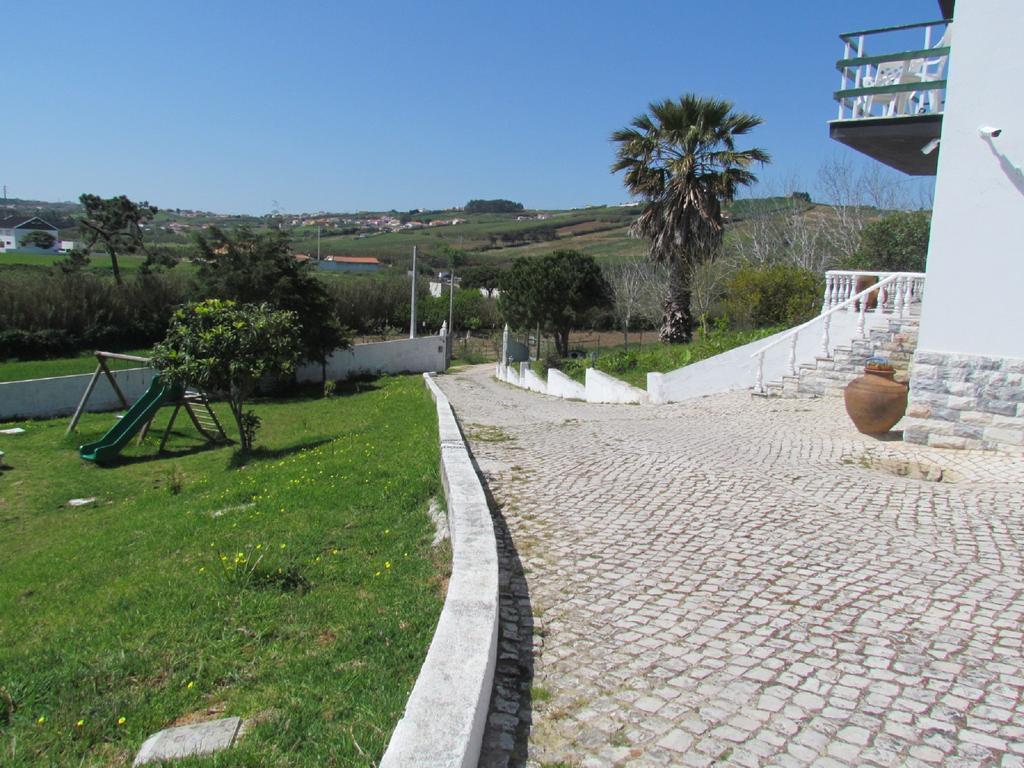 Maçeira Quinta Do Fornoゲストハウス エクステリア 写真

...

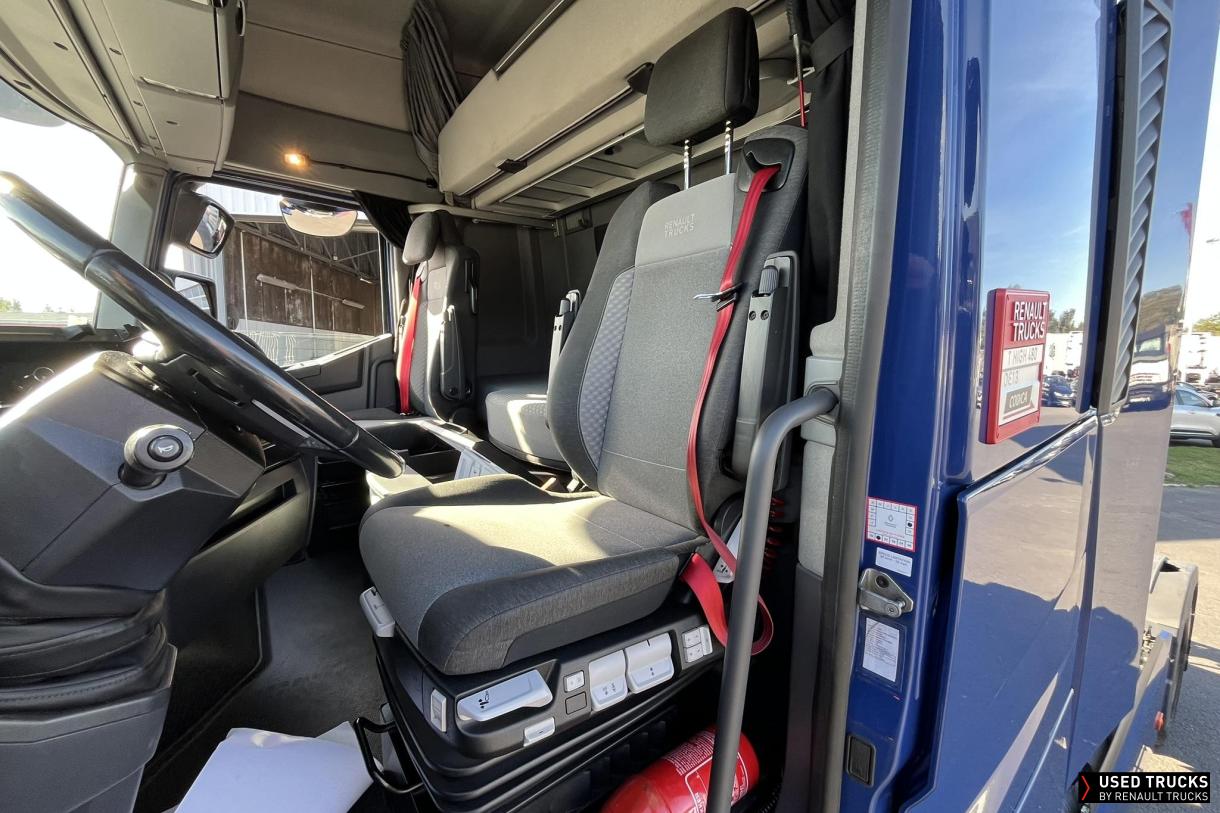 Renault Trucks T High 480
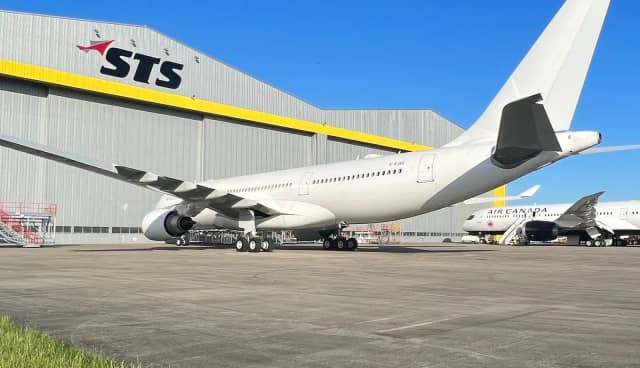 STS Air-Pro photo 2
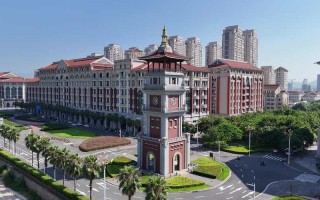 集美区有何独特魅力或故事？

* _YOUR INSTRUCTIONS_:
What is wanted is an exact copy of the lines above from the one containing "Renault Trucks T High 480" through the one containing "集美区有何独特魅力或故事？", with no pictures in it.

* _REPLY_:
 Renault Trucks T High 480
 STS Air-Pro photo 2
 集美区有何独特魅力或故事？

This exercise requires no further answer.